Carter Page Johnson was an American major throughout the late 19th century and early 20th century. He was known for his career in the American Frontier and his leadership at the Battle of Tayacoba during the Santiago campaign of the Spanish–American War.

==Origin==
Carter was born on June 4, 1851, at Staunton, Virginia as the son of William Bosewell Johnson and Margaret Breckinridge. His paternal grandparents were Chapman Johnson and Mary Nicholson and his maternal grandparents were John Breckinridge and Margaret Heiskell.

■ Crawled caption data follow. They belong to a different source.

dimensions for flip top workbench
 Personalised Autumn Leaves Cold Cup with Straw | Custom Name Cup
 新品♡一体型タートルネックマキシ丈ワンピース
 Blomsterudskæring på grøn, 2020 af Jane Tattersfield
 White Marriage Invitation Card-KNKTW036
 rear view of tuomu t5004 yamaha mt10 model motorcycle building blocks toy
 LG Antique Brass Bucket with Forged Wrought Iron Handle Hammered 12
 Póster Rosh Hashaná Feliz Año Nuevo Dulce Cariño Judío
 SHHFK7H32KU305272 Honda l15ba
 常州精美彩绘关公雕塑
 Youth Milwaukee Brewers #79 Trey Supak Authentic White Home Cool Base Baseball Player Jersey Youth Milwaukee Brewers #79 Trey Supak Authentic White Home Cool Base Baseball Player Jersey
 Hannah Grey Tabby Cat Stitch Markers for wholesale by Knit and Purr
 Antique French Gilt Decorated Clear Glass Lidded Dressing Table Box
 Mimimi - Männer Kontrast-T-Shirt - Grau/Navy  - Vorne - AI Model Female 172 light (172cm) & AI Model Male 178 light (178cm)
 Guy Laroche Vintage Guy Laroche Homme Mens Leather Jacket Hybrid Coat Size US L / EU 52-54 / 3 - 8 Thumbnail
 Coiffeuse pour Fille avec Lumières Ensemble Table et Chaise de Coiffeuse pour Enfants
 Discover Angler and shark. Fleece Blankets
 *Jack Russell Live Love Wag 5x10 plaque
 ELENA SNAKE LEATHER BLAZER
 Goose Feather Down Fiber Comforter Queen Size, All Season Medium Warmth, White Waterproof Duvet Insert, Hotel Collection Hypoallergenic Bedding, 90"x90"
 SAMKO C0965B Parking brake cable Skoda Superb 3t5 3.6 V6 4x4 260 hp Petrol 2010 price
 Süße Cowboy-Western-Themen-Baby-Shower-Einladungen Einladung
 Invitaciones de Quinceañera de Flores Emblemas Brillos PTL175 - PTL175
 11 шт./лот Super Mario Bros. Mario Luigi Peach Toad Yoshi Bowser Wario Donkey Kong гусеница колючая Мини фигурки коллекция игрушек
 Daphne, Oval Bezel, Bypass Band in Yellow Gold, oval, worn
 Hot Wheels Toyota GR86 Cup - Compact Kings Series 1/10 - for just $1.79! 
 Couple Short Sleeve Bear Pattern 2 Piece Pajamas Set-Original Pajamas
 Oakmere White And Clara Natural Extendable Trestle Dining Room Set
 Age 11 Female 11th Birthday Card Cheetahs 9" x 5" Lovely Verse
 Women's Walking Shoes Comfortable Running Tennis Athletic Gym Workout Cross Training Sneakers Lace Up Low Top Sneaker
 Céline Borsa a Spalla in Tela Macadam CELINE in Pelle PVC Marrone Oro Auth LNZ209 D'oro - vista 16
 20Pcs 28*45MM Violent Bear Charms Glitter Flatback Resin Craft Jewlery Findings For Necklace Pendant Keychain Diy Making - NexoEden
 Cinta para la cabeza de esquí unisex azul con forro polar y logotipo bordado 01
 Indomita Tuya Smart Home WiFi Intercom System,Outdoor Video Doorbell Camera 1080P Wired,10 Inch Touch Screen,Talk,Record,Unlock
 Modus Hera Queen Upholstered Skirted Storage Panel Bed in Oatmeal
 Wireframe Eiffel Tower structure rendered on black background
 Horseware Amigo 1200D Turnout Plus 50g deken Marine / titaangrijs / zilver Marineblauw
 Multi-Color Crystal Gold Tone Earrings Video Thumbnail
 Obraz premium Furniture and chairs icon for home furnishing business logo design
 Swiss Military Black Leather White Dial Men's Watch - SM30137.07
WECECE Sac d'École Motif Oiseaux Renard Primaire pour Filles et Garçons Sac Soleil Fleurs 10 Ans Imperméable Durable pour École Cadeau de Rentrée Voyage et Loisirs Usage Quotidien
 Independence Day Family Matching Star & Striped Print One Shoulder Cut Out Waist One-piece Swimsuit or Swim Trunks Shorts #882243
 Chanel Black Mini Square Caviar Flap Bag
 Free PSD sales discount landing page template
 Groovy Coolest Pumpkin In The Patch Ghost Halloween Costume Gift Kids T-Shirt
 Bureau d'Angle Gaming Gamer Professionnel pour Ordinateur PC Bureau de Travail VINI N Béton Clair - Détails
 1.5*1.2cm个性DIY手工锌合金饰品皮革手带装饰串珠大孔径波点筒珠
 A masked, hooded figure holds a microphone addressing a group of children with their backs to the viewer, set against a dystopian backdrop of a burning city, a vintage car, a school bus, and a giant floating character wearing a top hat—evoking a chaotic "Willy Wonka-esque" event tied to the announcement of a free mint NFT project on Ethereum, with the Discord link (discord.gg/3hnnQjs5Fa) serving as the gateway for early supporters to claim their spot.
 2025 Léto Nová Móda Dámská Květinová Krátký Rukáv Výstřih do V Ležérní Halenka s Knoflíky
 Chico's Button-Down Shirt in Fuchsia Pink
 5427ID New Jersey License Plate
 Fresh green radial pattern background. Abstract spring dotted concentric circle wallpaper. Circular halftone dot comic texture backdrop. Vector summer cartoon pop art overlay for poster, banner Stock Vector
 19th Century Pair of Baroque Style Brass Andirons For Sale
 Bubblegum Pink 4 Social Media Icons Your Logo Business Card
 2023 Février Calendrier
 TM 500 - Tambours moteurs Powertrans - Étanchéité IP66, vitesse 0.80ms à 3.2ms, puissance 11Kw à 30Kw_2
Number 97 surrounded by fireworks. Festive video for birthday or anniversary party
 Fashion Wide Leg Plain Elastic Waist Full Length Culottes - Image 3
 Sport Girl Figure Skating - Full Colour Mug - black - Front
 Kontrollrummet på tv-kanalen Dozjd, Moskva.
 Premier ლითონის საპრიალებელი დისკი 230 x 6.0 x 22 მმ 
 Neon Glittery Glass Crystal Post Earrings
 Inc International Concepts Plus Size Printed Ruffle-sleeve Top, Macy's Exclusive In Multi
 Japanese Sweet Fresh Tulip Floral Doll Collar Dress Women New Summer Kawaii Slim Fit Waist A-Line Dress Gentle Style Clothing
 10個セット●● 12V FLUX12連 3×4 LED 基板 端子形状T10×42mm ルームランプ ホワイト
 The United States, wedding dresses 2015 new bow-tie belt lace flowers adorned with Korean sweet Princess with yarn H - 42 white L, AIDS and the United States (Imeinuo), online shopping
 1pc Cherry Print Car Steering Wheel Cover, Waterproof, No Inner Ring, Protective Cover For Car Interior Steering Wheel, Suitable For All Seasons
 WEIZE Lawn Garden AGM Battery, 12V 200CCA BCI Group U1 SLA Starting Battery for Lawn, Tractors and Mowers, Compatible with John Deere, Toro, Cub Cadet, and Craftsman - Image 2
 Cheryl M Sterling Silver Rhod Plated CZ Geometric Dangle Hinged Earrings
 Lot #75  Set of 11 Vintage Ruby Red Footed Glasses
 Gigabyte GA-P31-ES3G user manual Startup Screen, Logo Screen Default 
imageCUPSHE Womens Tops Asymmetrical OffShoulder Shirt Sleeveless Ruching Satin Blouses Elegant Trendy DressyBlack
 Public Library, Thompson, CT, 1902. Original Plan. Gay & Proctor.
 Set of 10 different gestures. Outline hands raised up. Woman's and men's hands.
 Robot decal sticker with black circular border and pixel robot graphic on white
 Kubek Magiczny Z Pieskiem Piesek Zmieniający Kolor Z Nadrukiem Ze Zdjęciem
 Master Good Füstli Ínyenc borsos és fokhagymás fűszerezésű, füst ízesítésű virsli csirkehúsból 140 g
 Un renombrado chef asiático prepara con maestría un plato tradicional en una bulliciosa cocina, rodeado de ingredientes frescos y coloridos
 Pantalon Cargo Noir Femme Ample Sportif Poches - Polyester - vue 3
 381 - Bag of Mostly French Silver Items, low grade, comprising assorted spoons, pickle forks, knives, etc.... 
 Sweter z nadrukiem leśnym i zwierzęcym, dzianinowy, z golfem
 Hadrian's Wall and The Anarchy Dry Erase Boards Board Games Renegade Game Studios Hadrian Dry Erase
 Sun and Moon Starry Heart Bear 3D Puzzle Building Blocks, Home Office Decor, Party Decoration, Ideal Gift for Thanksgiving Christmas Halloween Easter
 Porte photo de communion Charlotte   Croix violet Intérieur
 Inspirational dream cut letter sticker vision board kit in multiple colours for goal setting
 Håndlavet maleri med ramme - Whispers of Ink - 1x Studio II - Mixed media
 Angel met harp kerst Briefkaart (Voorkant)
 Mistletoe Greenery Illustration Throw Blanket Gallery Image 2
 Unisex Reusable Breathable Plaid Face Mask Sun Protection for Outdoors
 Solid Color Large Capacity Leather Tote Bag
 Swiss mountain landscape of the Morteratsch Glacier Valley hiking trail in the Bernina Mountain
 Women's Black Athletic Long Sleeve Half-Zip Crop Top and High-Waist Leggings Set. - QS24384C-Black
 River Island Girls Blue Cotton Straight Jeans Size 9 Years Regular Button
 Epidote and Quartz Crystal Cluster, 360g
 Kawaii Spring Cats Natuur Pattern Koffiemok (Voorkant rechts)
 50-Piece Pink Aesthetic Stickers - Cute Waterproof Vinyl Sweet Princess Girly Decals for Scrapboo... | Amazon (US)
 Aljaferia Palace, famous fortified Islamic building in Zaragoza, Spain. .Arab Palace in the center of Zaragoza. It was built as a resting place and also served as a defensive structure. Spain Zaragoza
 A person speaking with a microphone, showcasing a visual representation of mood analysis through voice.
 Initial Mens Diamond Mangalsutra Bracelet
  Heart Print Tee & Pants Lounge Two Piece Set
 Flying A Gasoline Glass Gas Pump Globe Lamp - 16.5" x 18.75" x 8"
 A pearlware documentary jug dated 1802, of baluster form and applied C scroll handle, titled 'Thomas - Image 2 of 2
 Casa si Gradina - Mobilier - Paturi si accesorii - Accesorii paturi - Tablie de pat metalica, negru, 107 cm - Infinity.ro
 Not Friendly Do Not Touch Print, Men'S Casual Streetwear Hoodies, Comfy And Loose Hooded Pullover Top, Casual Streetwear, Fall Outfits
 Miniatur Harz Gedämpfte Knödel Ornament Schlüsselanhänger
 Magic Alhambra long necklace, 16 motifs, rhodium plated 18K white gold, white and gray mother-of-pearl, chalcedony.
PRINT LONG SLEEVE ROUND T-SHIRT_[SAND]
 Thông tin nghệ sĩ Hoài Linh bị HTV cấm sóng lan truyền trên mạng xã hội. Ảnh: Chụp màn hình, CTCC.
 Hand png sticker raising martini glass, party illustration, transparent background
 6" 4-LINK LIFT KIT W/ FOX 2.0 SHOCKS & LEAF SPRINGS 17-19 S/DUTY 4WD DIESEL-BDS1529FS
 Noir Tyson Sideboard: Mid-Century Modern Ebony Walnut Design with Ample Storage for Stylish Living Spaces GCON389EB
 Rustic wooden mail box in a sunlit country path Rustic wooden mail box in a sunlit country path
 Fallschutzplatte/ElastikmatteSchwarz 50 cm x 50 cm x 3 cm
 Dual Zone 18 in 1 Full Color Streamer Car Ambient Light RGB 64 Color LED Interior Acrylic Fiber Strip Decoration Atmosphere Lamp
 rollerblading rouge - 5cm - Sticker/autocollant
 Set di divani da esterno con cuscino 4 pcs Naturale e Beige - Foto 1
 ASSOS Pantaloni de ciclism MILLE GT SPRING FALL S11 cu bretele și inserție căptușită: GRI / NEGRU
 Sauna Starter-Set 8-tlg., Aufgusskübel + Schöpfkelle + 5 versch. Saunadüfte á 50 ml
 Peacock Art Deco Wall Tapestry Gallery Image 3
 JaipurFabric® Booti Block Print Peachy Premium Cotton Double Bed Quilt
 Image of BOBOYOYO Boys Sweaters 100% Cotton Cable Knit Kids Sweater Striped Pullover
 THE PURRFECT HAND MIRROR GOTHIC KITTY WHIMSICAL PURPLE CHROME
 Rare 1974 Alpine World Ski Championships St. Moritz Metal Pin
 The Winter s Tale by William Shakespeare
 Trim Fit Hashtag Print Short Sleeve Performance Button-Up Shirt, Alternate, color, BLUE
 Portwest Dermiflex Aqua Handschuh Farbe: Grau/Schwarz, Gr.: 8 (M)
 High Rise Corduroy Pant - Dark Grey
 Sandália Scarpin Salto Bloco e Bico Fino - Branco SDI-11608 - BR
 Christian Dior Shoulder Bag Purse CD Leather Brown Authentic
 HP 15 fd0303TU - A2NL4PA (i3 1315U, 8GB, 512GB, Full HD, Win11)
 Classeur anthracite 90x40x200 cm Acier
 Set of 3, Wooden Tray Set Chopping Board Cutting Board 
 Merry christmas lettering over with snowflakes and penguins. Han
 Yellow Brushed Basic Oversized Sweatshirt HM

==Service in the Frontier==
Johnson entered the Virginia Military Institute on August 10, 1871, as a cadet before graduating on July 2, 1875, ranking 28th out of 45 in his class. He proceeded to participate in the Northern Cheyenne Exodus at the Fort Robinson breakout. In 1882, he was promoted to Second Lieutenant and began serving at the 4th Infantry Regiment at Fort Robinson but was transferred to the 10th Cavalry Regiment and was transferred to Arizona. While there, he was part of the soldiers that pursued Geronimo and his disciples across the state. Despite the failure of attempting to find any of them, Johnson received commendation for his efforts in trying to find them.

==Spanish–American War==
When the Spanish–American War broke out, 1st Lieutenant Johnson was assigned to Troop M of the 10th Cavalry Regiment and set out for Cuba. Departing from Lakeland, Florida on June 21 along with Lieutenant George P. Ahern and Captain Winthrop Astor Chanler, they would collaborate with General Emilio Núñez's forces at the mouth of the Tallabacoa River as they landed on the beachhead nearby to support the Cuban War of Independence. After a bombardment from the , the American and Cuban forces began making their way towards Trinidad, Cuba. At the Battle of Tayacoba, the Americans and Cubans came under heavy fire from the Spanish at the nearby jungles and were forced to retreat. During the battle, when Cuban forces managed to capture a fort and a block house, he took a barrel of rum and got drunk. He pulled down the Spanish flag, ran up his blouse as the American flag and drunkenly ordered his troops to fire on the Cubans but his men refused to follow the order.

==Later service==
Johnson briefly served in the Philippine–American War but not desiring any further overseas service, Johnson was transferred to the 8th Cavalry Regiment. He retired in 1909 at Fort Robinson as a major and settled on a ranch west of the White River nearby the Fort. Johnson re-entered service on 1916, but suffered from heart problems while returning from a trip at Wheatland, Wyoming and died at Alliance, Nebraska.

==Legacy==
Johnson was posthumously described as "an excellent soldier and efficient officer." Carter P. Johnson Lake near Scottsbluff, Nebraska is named after him.